Japanese Himitsu-Bako | Secret Trick Puzzle Box – Four Steps | Zougan Marquetry Design | 1960

Traditional Japanese Trick puzzle boxes as we know them were first made in the Hakone region from about 1870s by master woodworker, Ryugoru Okawa. They were known as Himitsu-Bako, (Personal Secret Box), and were originally used to store documents or other secrets inside but soon became common as souveniers for people visiting the hot springs in the area.

This vintage mid-century Japanese trick puzzle box depicts an inlaid landscape scene of Mt. Fuji with Lake Ashino, three sailboats, a country house, and a large auspicious pine tree that symbolizes a long and happy life. The opposing side shows a Camellia flower with a bird perched nearby.
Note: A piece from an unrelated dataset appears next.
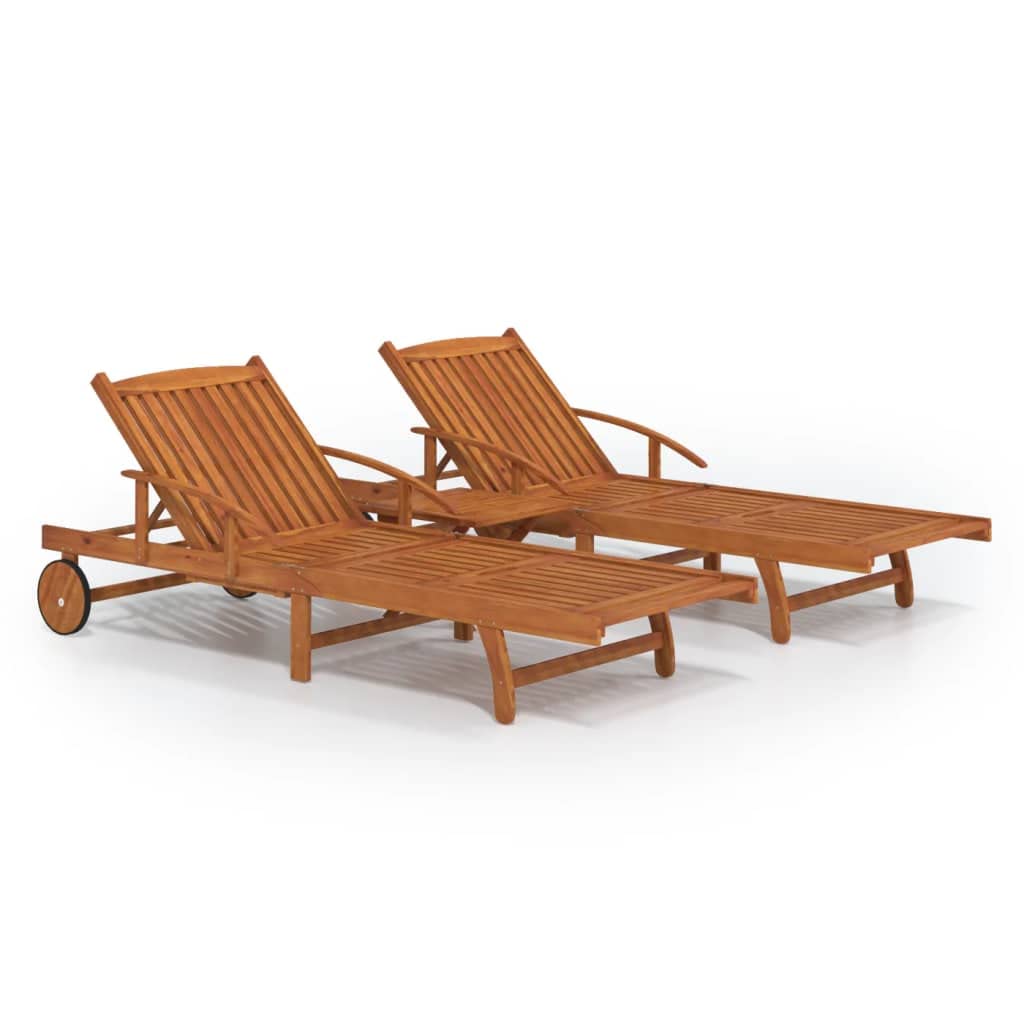 Tumbona ajustable con mesa de madera maciza de acacia, juego de 2 piezas con práctica mesa extensible y respaldo ajustable para jardín y terraza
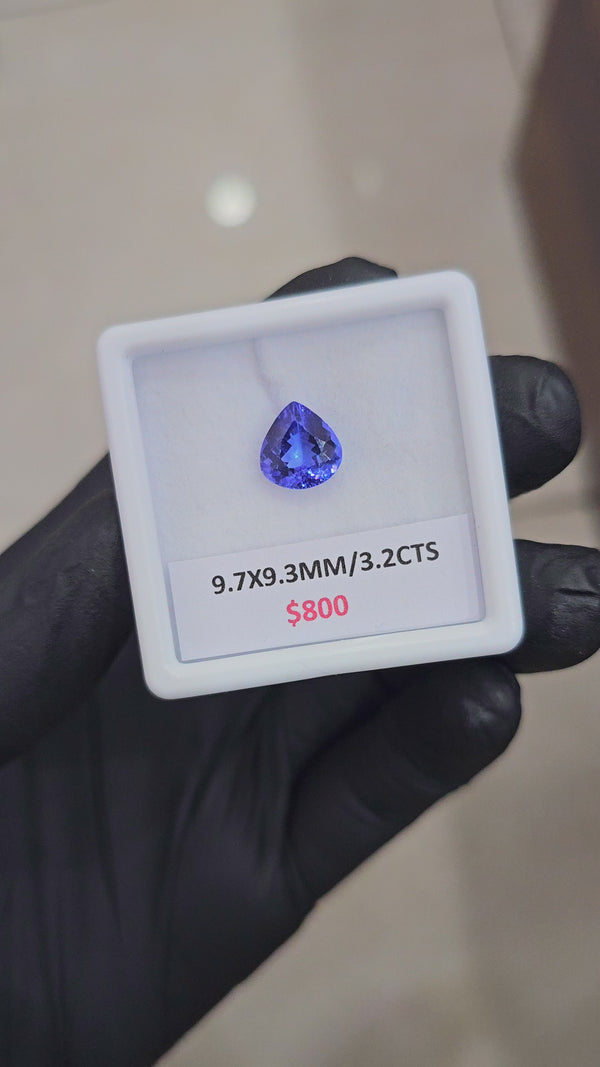 3.2Cts Certified Natural Tanzanite AAA+ Top Quality | Shape :Teardrop | Size: 9.7x9.3mm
The box was designed using the Zougan marquetry technique, with small geometric patterns called Weave, (this pattern gives the illusion that the surface is woven), where each diamond shape is a separate piece of wood.

This Hakone box requires four, (4), moves to gain entrance to the interior. Each smoothly slides to gain access to the next move. Condition: Understandably due to its age there is minimal shrinkage to the box, so two edges on the side of the flower are not perfectly flush, which does not interfere with its appearance or opening. There are also a few surface scratches to the varnish due to the previous use, display and handling. Dimensions: 5-0” Lx 3-1/8”D x 1-3/4”H.

Additional Information —

Zougan Zaiku has a history dating back 1,000 years. It was first created in the town of Hakone, an important stop on the road from Kyoto (the old capital) to Edo (the new Capital, now known as Tokyo). This road was made famous, by the woodblock artist Hiroshige in his work entitled: “The 53 Stations of Tokaido”.

Zougan marquetry is the art of creating portraits by cutting each tiny piece of the picture and assembling them. This is an example of the art using only the natural colors of the wood to create the different images. Because of the amount of labor required, each of these boxes are limited editions in that there are no two that are exactly alike.